AIM OF THE EXERCISE:
Every line below needs to be transcribed without alteration, and no image may be carried over.

COLLECTED DATA:
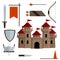 Medieval set of item. Old armor and knight weapons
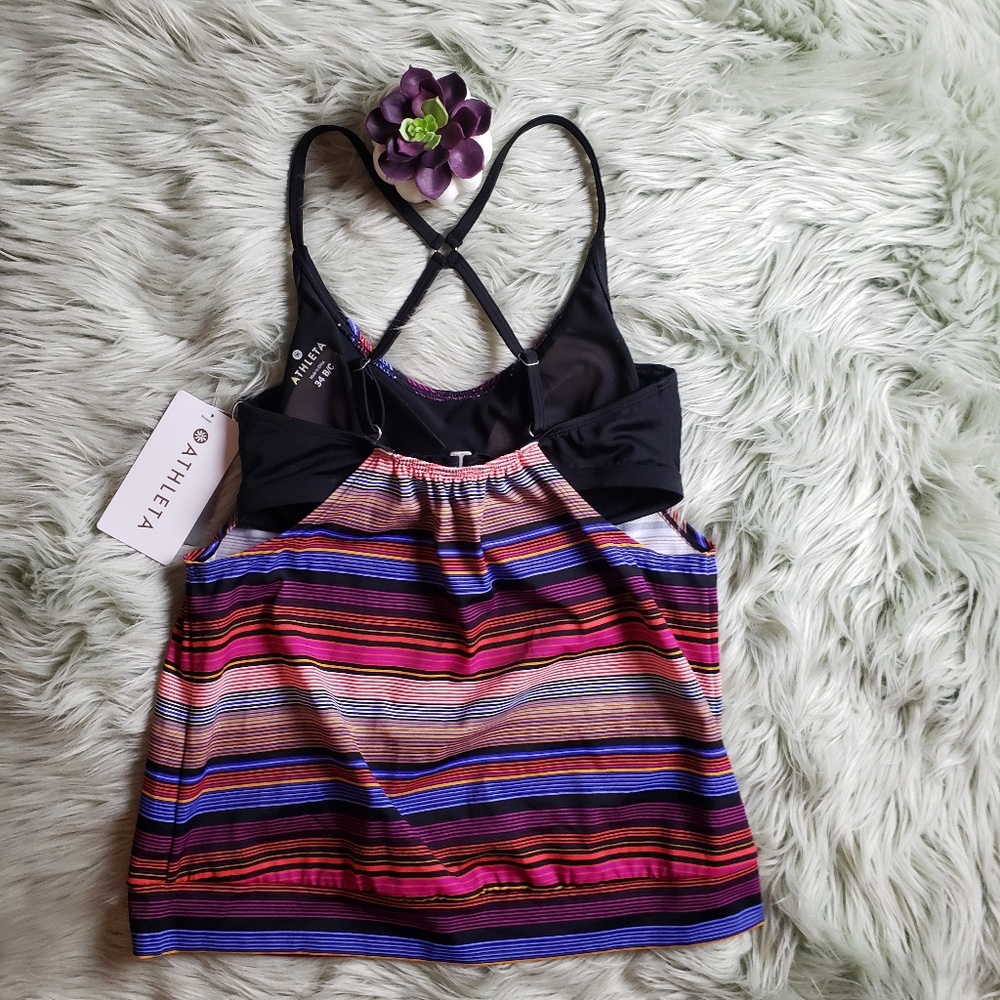 Nwt athleta capri stripe blousy tankini swim top - Picture 4 of 6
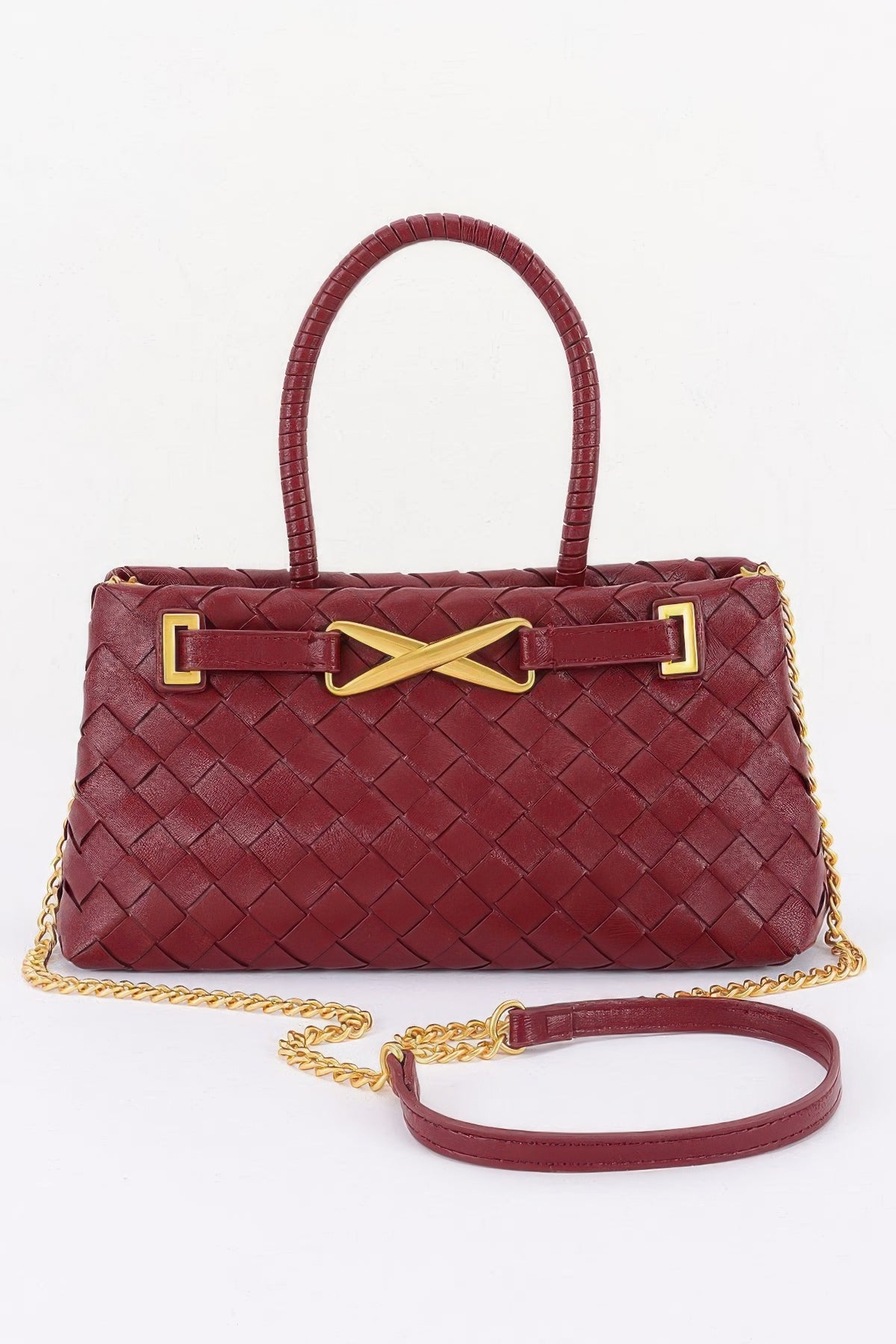 Woven Faux Leather Top-Handle Bag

TASK ANSWER:
 Medieval set of item. Old armor and knight weapons
 Nwt athleta capri stripe blousy tankini swim top - Picture 4 of 6
 Woven Faux Leather Top-Handle Bag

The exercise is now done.